> **YOUR TASK**: Look below for the line containing "Elegant rose pink" and the line containing "Dramatic silhouettes against", then set down both and every line between them exactly, without pictures.
+++ DATASET +++
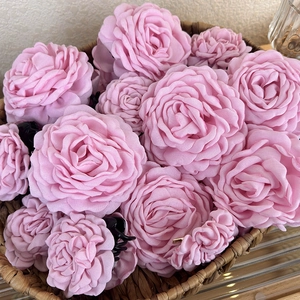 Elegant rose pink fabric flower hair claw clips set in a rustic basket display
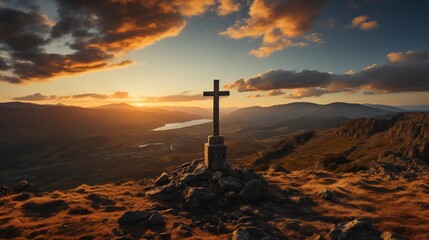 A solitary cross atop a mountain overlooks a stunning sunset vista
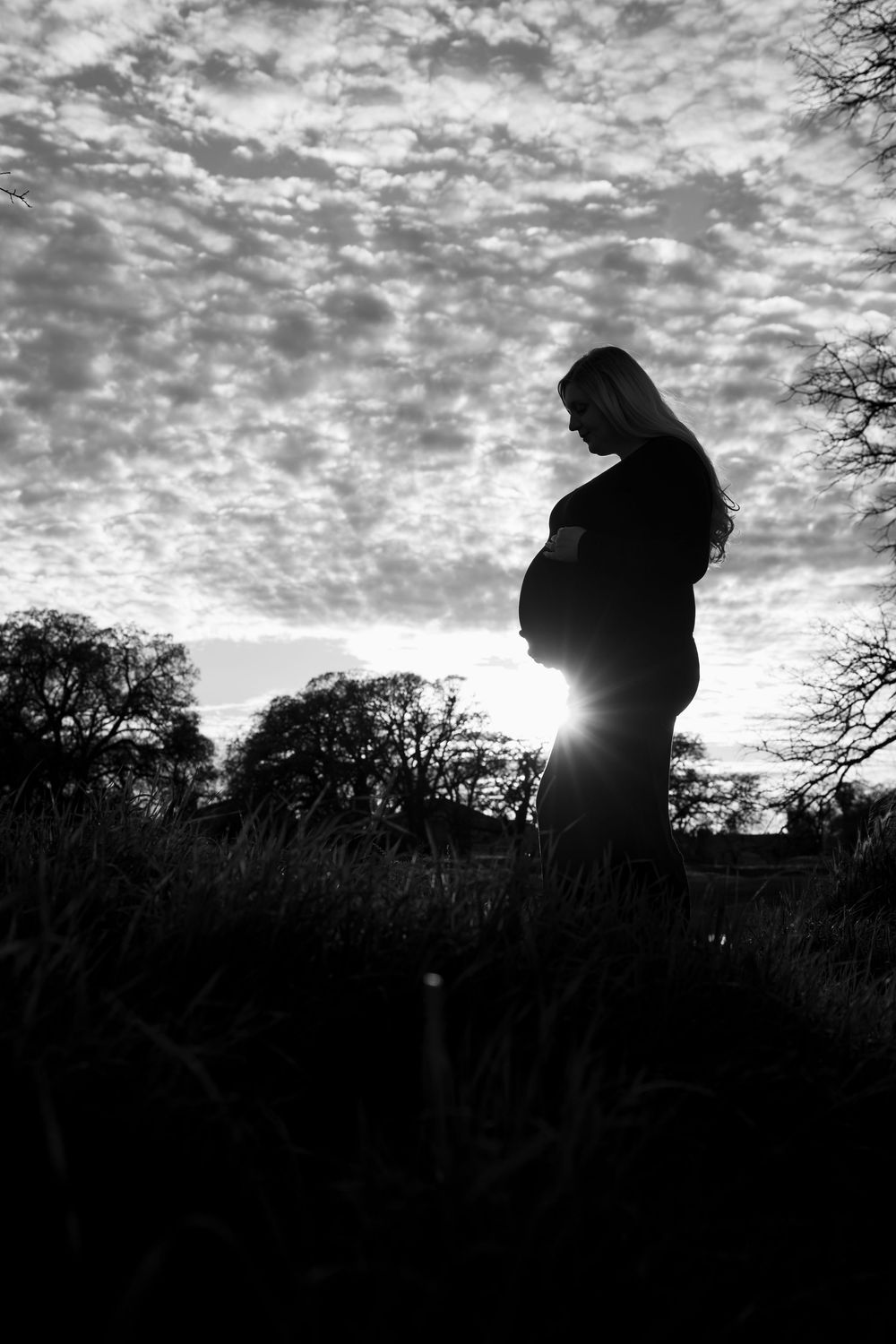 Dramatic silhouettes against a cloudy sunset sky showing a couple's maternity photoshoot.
+++
+++ DATASET +++
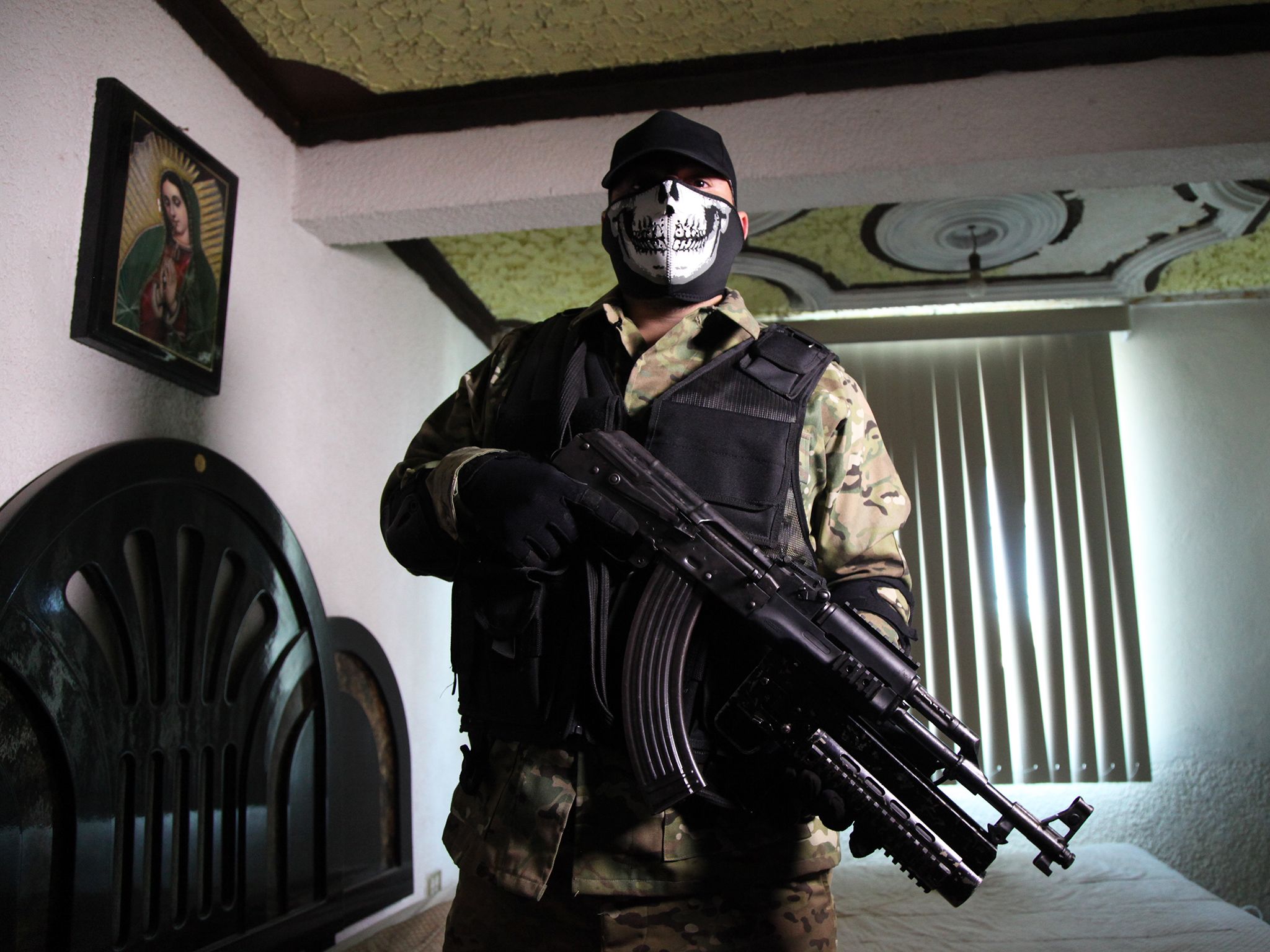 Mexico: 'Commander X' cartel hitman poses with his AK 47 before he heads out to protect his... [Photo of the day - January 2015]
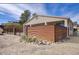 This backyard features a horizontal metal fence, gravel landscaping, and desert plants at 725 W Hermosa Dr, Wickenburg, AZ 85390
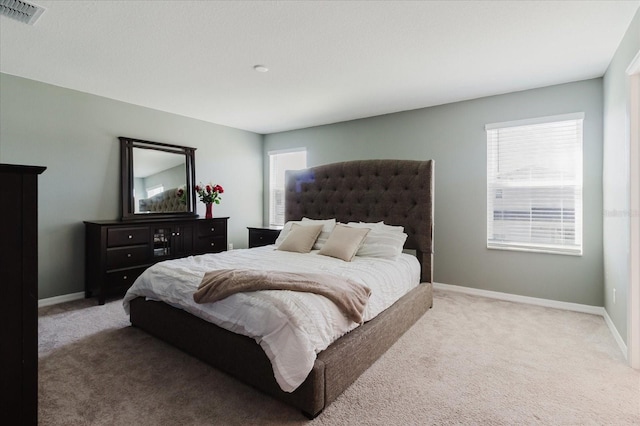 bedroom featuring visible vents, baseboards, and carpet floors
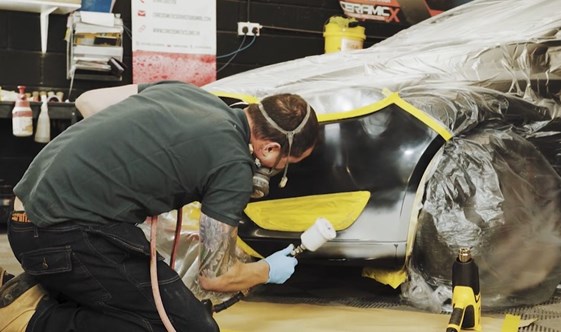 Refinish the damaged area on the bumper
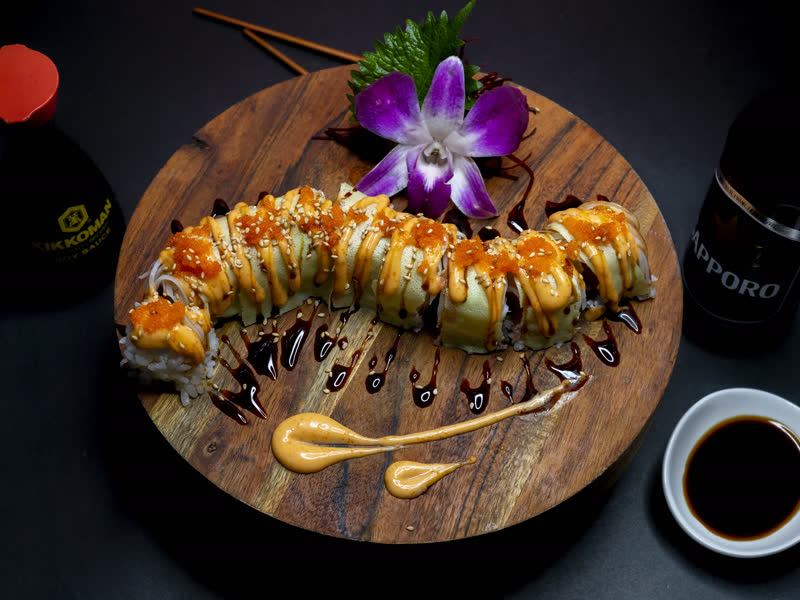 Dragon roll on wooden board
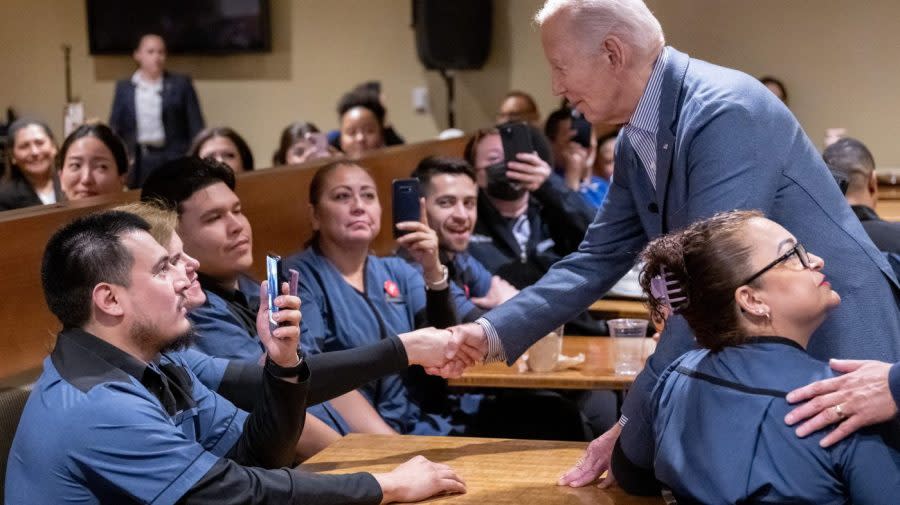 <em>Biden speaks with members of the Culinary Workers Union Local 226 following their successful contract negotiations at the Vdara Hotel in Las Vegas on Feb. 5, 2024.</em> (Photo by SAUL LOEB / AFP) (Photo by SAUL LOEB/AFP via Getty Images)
+++
+++ DATASET +++
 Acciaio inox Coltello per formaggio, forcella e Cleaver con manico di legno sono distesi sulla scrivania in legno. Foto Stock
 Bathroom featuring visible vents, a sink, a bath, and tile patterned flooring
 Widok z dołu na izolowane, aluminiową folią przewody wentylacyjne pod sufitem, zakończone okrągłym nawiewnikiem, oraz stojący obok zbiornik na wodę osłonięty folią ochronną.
+++
> **ANSWER TO THIS EXERCISE**:
 Elegant rose pink fabric flower hair claw clips set in a rustic basket display
 A solitary cross atop a mountain overlooks a stunning sunset vista
 Dramatic silhouettes against a cloudy sunset sky showing a couple's maternity photoshoot.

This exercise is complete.